At Note 11 c, Guidance the Police are warned that juveniles (like the mentally disordered or otherwise mentally vulnerable) are ‘particularly prone in certain circumstances to provide information that may be unreliable, misleading, or self-incriminating’. It is important therefore to obtain corroboration of any facts admitted wherever possible.”
If I have misquoted, to borrow the words of the late Groucho Marx: ‘Quote me as saying I was misquoted’.
As a lawyer and part-time academic, I am a huge fan of learning from multi-faceted disciplines such as psychology, sociology, and criminology, to be considered alongside the Law of England and Wales.
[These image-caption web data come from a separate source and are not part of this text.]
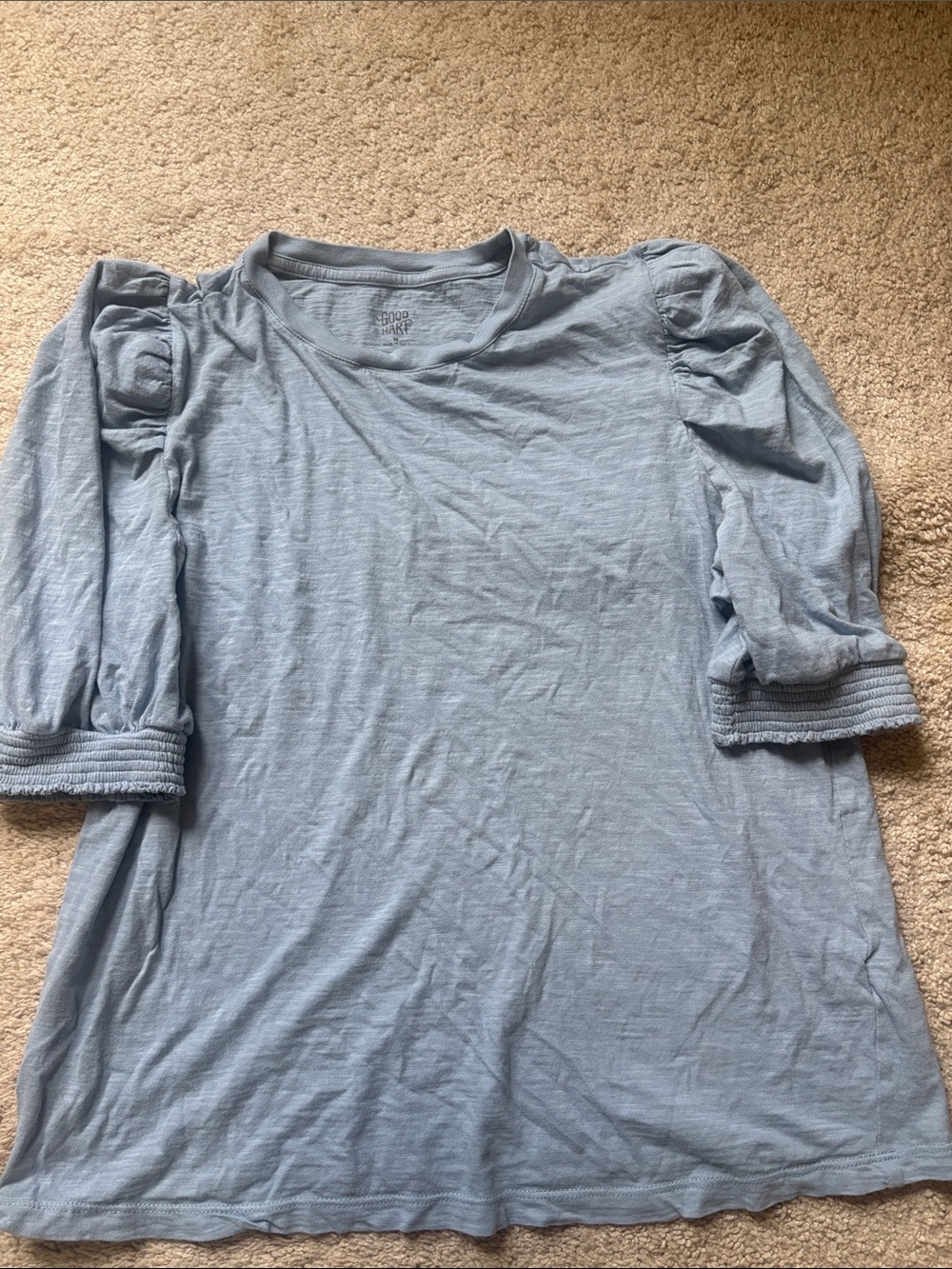 Light Blue Puff Sleeve Smocked-Cuff Women's Tee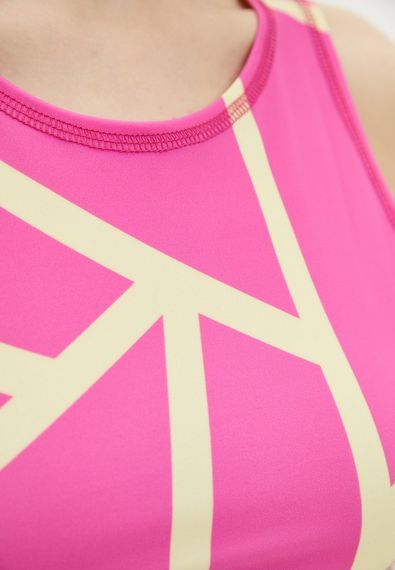 Спортивный топ 4Profi без рукавов c принтом "Геометрия" фуксия/желтый размер S бифлекс 16930 | Зображення 3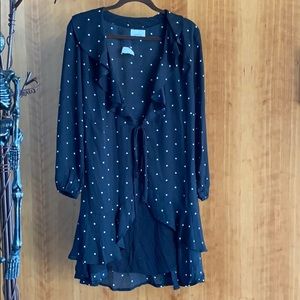 Roxberi Sheer Polka Dot Open Blouse Size X-Small
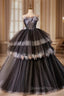 Black Ball Gown Strapless Flower Pleats Evening Prom Dress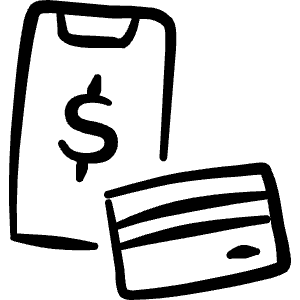 Credit Card Smartphone Icon from Freehand Line - Free Set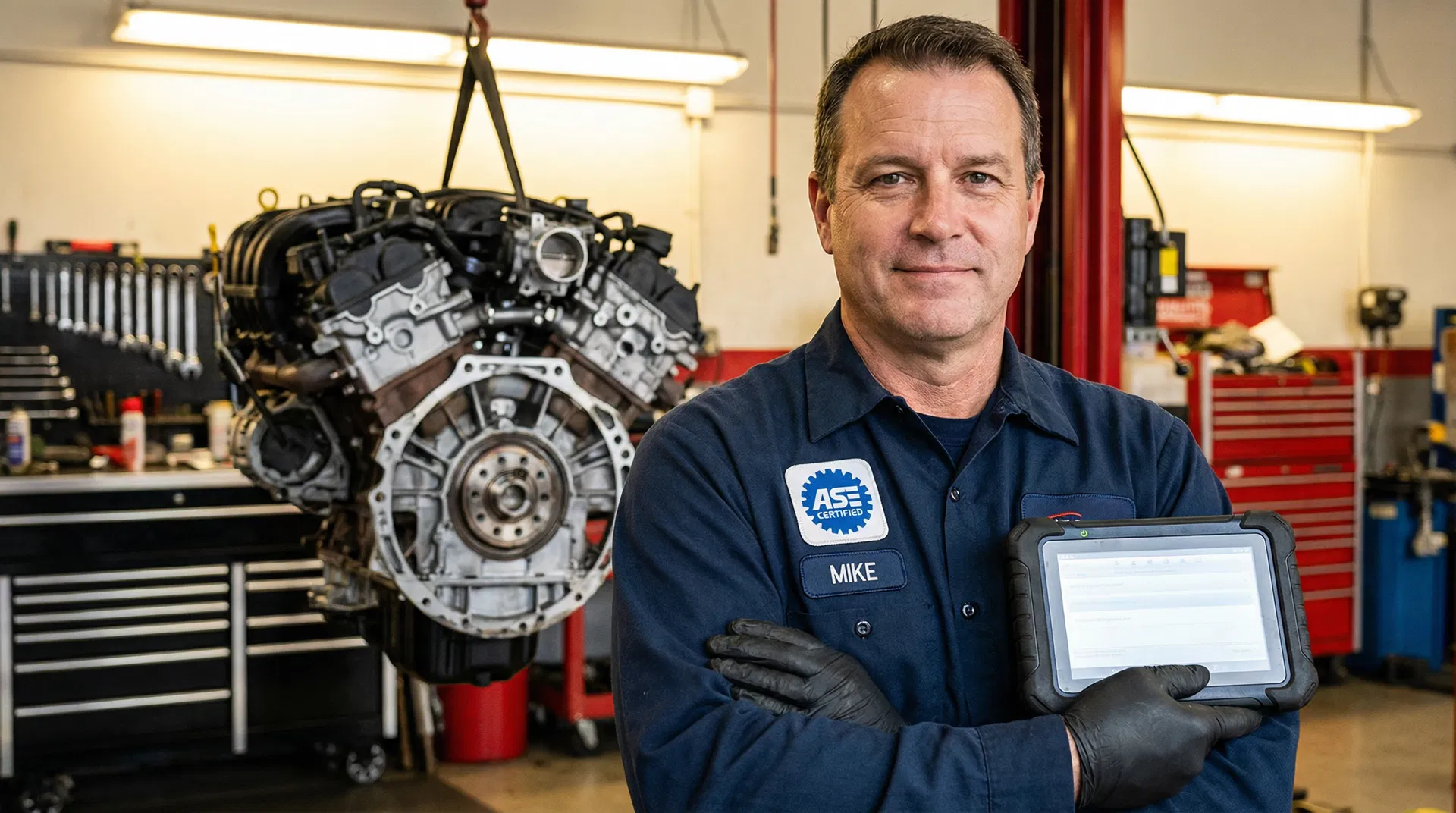 CTR mechanic with diagnostic equipment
Indeed, I believe it to be essential if one is to obtain a deeper understanding of a given subject by looking at the same problem from different angles and perceptions. To ignore the wealth of information from other disciplines is to hold a very constricted and narrow view. I very much hope to encourage fellow lawyers to look beyond case-law and Acts of Parliament particularly on the issues of suggestibility, compliance, acquiescence, and confabulation, when considering what factors led to a confession within the context of the reliability on it from a vulnerable witness.